Important disclaimer for anyone using Cursor: make sure to disable "data sharing" in your account settings, as it is enabled by default and old accounts are automatically opted into it.

Devil's advocate: why? Why do people need to make sure to disable it?

Is this the "but privacy!111" stance, or the Dog in the Manger stance ("I'm not being paid for it, so why should anyone else benefit?"), or...?

Also from a security perspective.
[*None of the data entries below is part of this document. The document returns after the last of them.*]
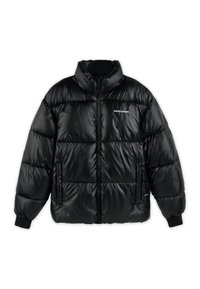 Czarna puchowa kurtka z wysokim kołnierzem, zamkiem błyskawicznym i dwoma przednimi kieszeniami. Wykonana z błyszczącego, gładkiego materiału z pikowanym wzorem.
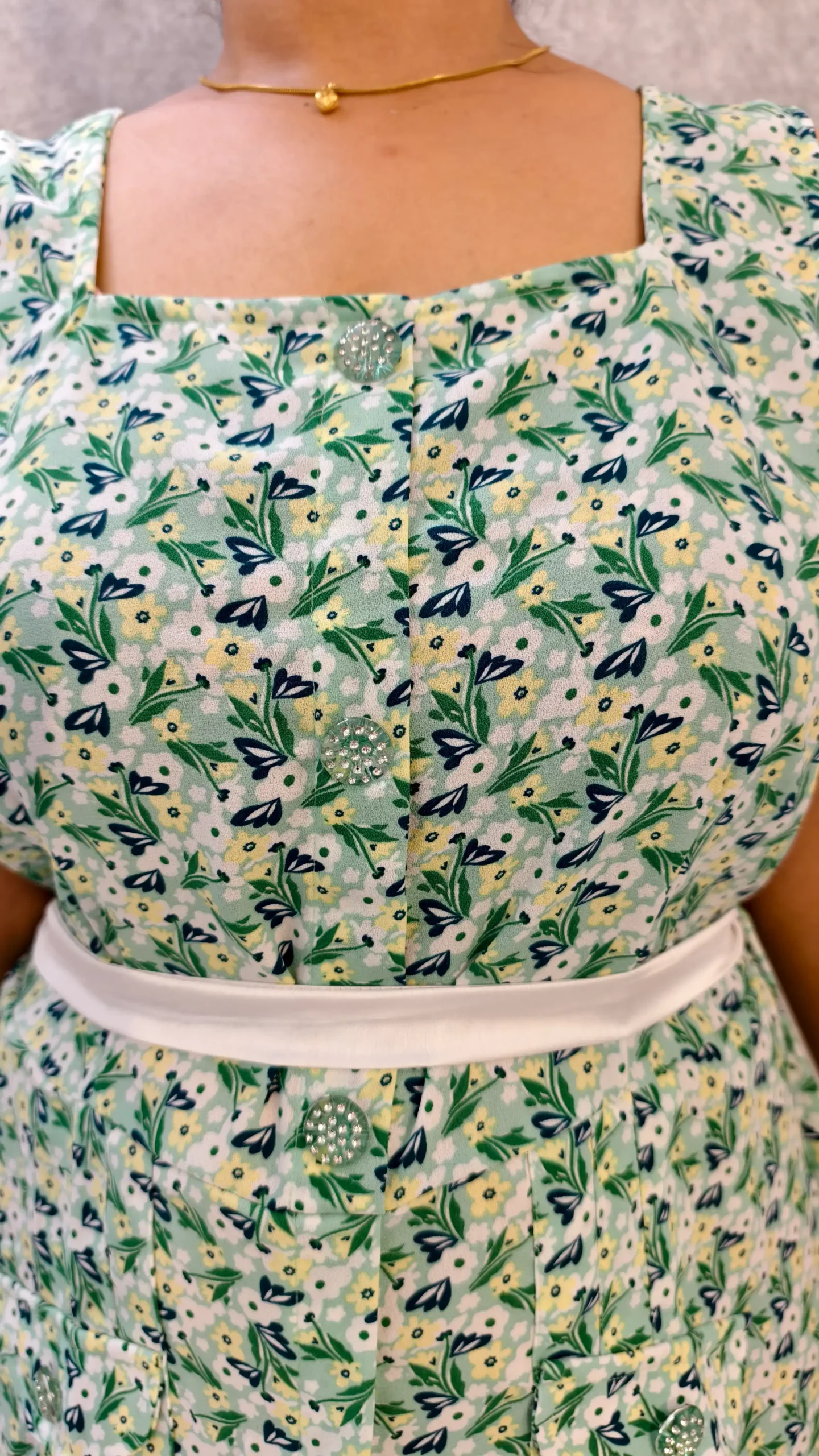 Green Floral Polymoss Midi Dress – Nine2Five Plus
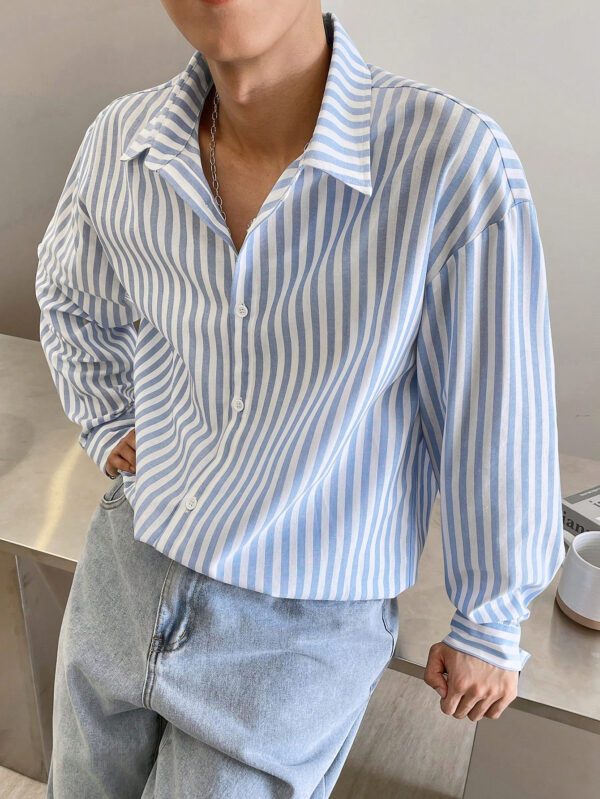 Manfinity Joysei Chemise à manches longues décontractée et urbaine, style mode et simple, avec motif rayures bleues et blanches colorées sur le col
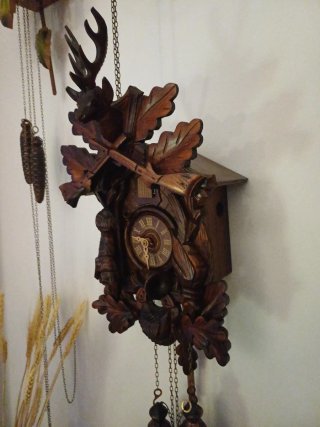 Orologio a cucù in legno intagliato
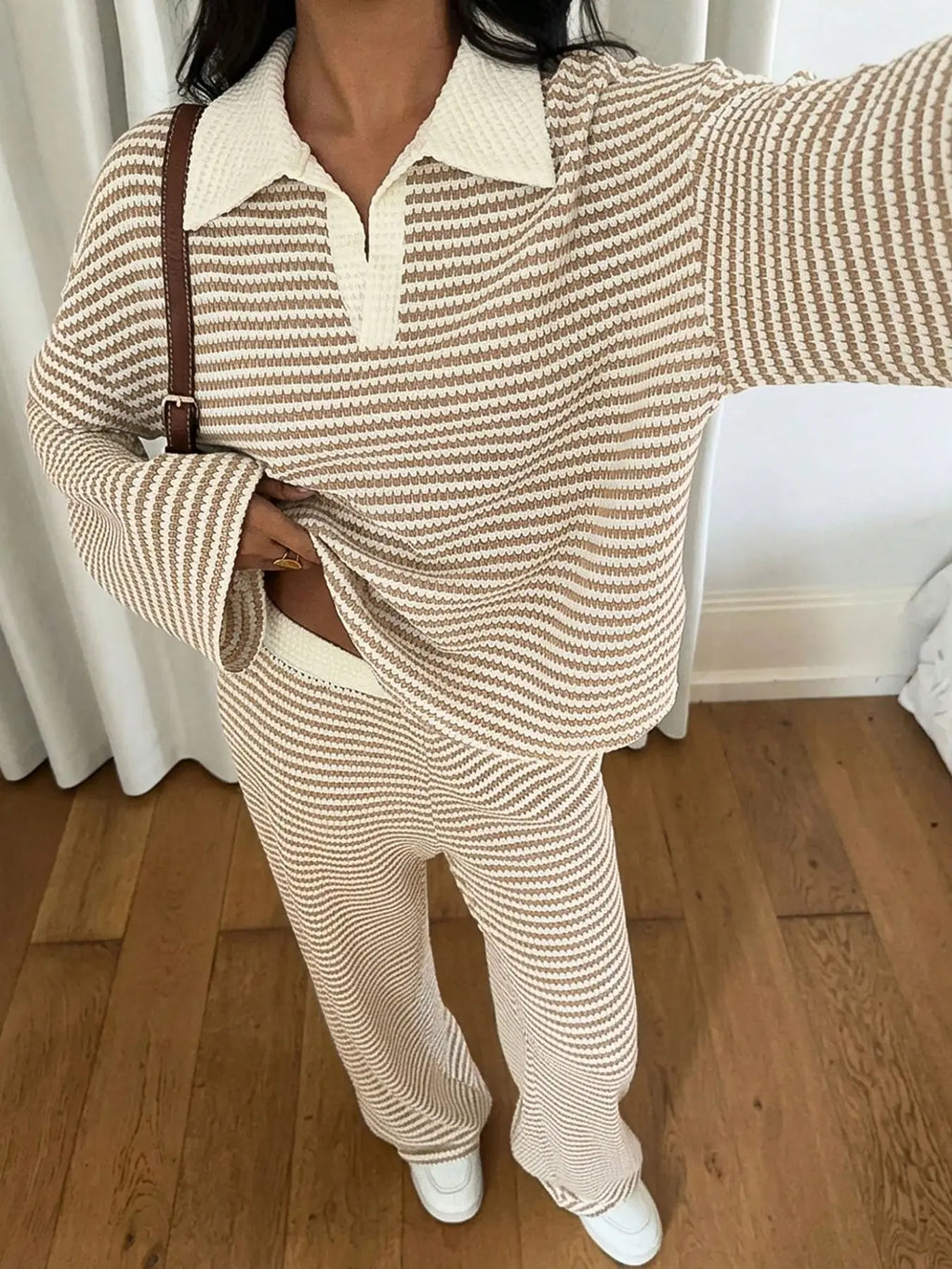 Women's 2pcs Set Loose Striped V-Neck Drop Shoulder Long Sleeve T-Shirt &Elastic Waist Striped Pants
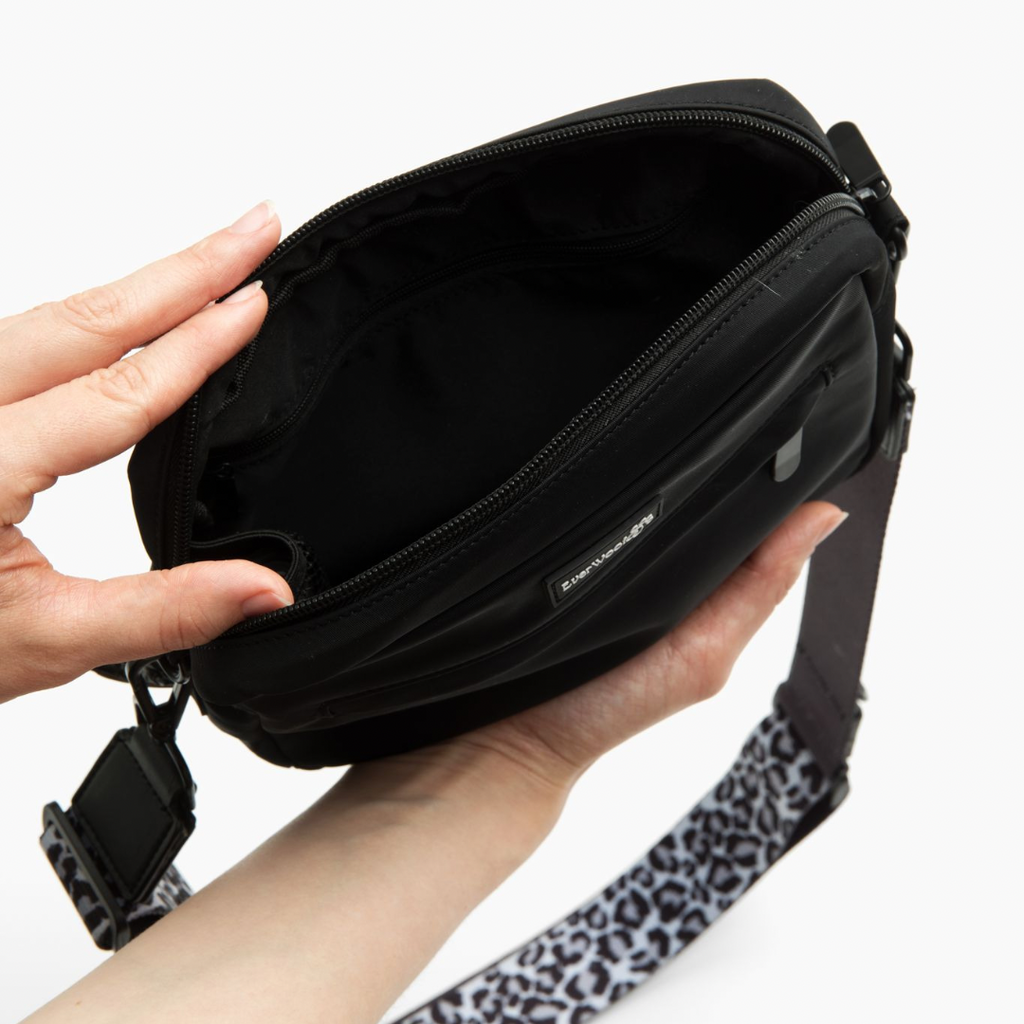 Pet Parent Organizer Bag with Poop Bag Dispenser, 9"x7"x2"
People have been able to extract copyrighted code / API keys some LLMs have been trained on before. If you opt-in to this, your / your company code will be used to train and improve the model. People may then be able to extract that from the model. Another threat vector.

Always appreciate people seeking clarity on positions that are not clearly elaborate/taken for granted. Kind of stresses me out sometimes.

> Is this the "but privacy!111" stance

Mostly, yes. But let's unpack this a little: these companies often claim a massive amount of data is being collected "to improve our products" and "to make the world a better place." In reality, the data is more often used to deanonymize the user and build a precise profile of them. It is subsequently sold to third-party companies who specialize in this sort of business and are equipped to extract the most value possible from the data. In the most benign form, this is done by targeting the user with personalized ads.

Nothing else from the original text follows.